ZURICH (Reuters) - Switzerland must do more to prevent financial crime and banks in particular should step up efforts to spot and report suspected crimes, an inter-governmental Financial Action Task Force (FATF) said on Wednesday.
Banks fail to report some suspicious transactions and mostly only report these when information from external sources comes to light, a FATF report said.
“(Swiss financial watchdog) FINMA needs to increase supervision and sanctions regarding compliance with the reporting requirement,” it said.
Once a haven for untaxed and illicit assets, Swiss authorities have been stung into action by a global push to combat money laundering and other financial crimes.

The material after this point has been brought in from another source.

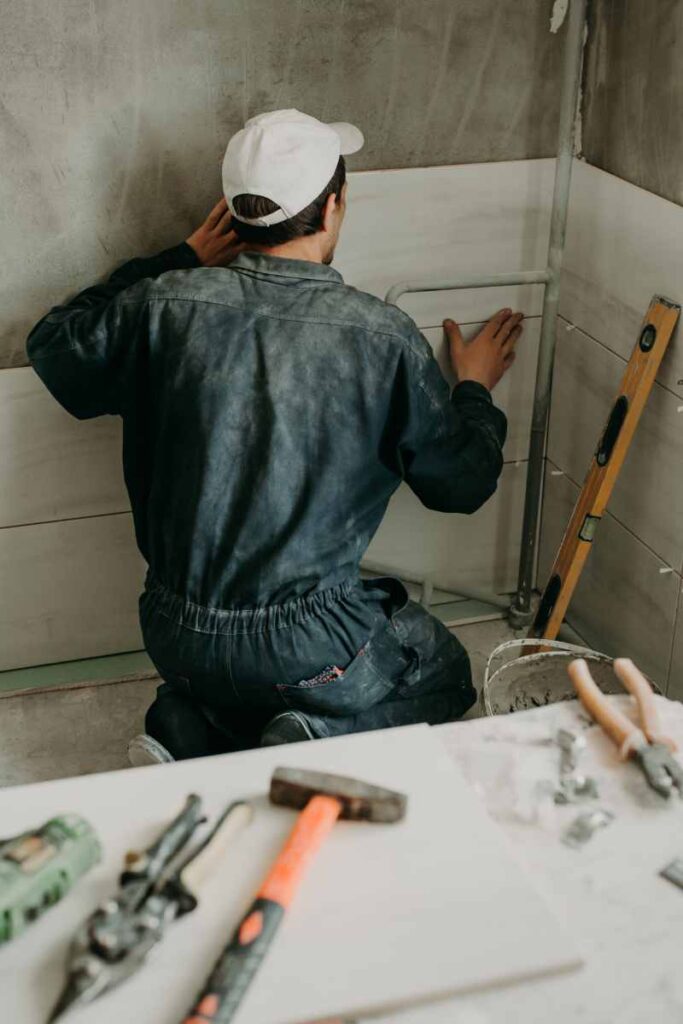 Worker repairman puts large ceramic tiles on the walls in the room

That has led to considerable improvement in its efforts since 2005, the global task force said.
“Switzerland demonstrates a strong commitment to mutual legal assistance,” FATF said in a statement. “It should continue to pursue its efforts on all other forms of international cooperation, including on the supervision of financial groups given the key role of the Swiss financial centre.”

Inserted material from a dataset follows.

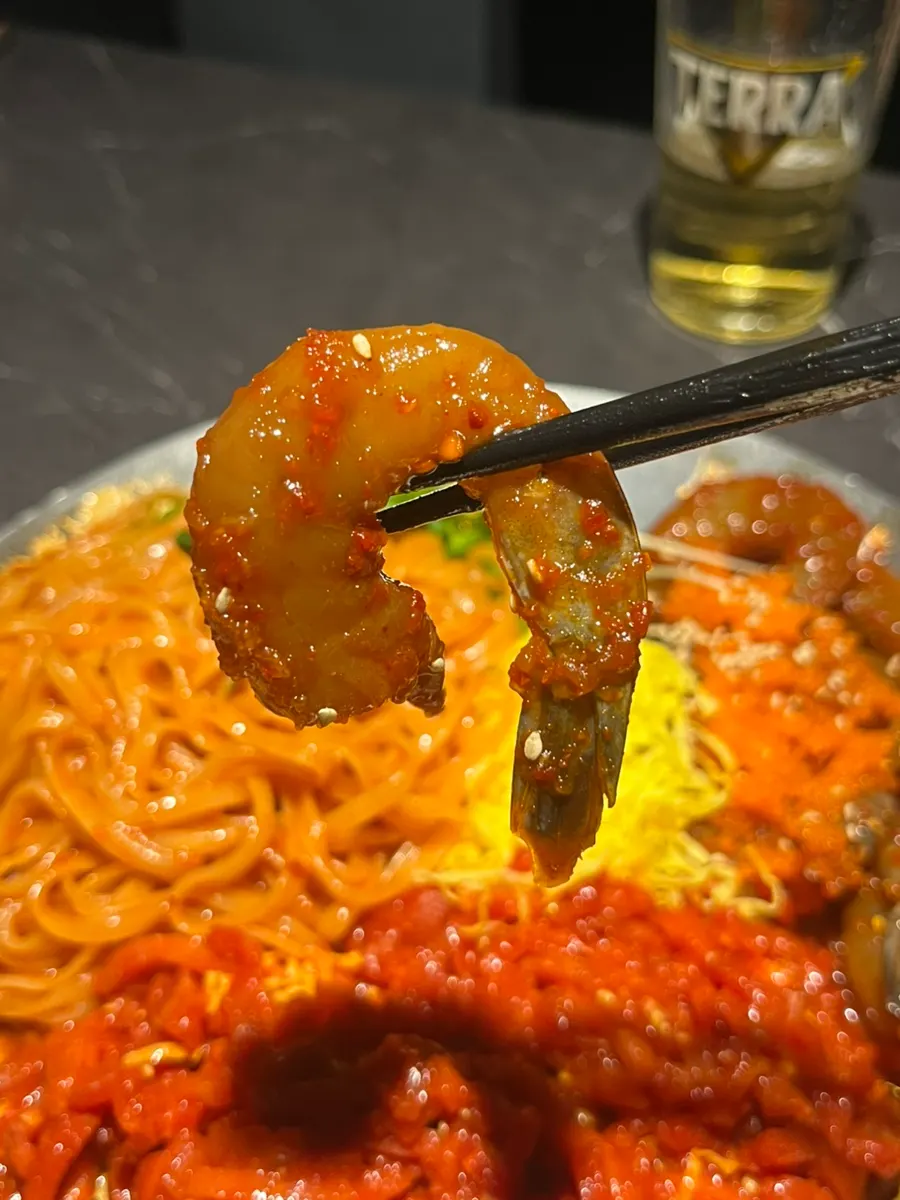 A bite of yukhoe coated in sauce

Swiss authorities have collected financial information and seized assets for their international counterparts in a number of prominent cases, including investigations into Malaysian state fund 1MDB, global soccer body FIFA and Brazilian state-run oil company Petrobras (PETR4.SA).

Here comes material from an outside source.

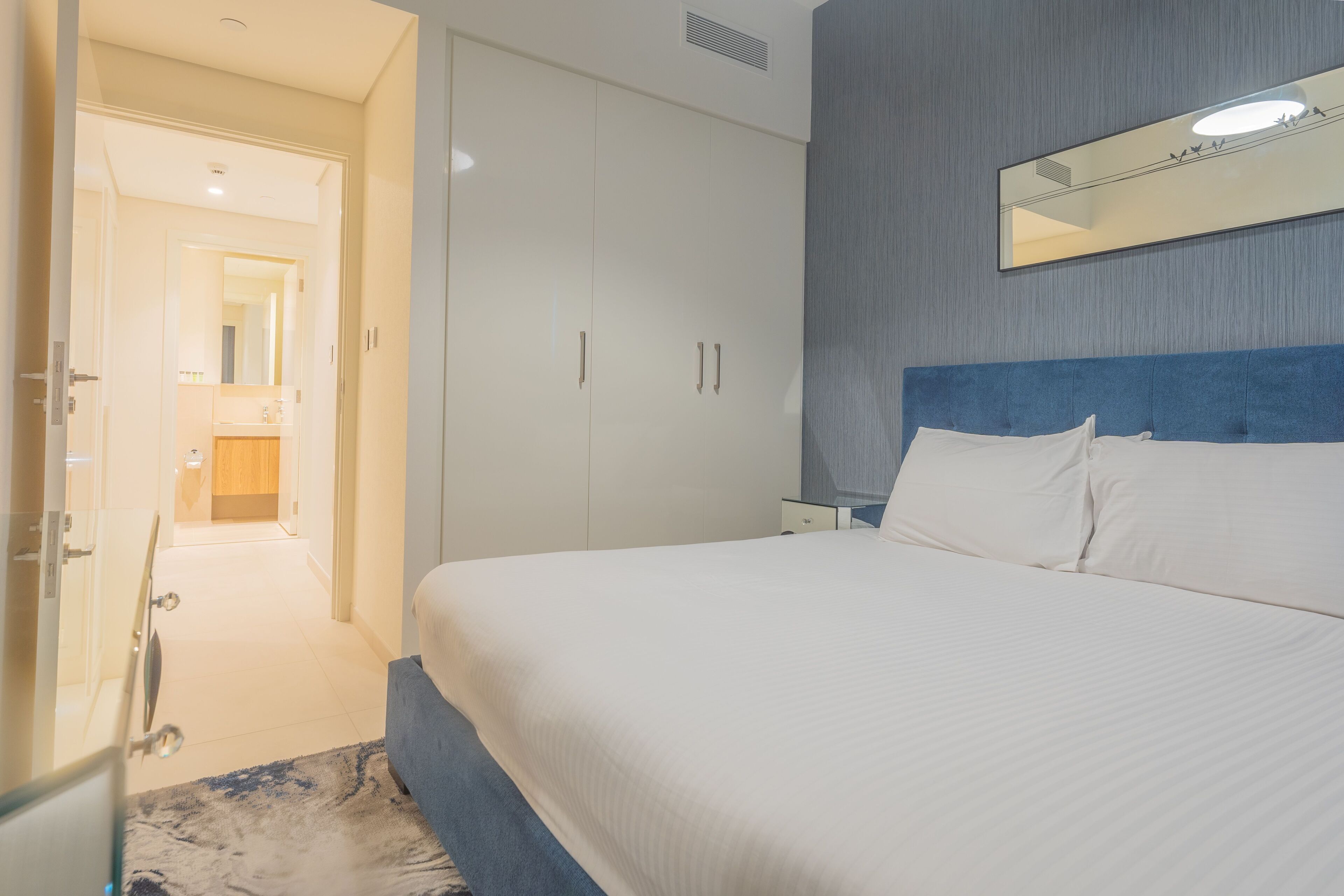 Une chambre d’hôtel avec un grand lit, une armoire, un miroir et une salle de bain visible à travers une porte ouverte.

The Swiss Bankers Association pushed back against FATF’s methodology after the report was published: “In the view of the banks, simply increasing the number of suspicious activity reports would not necessarily result in a further rise in the effectiveness of money laundering prevention.”
FINMA has called on banks to be more thorough in their checks and in October said 15 were in a “red zone” of lenders most exposed to money laundering.
The finance ministry said it would analyse the recommendations of the report and submit a corresponding proposal to the Swiss cabinet next year.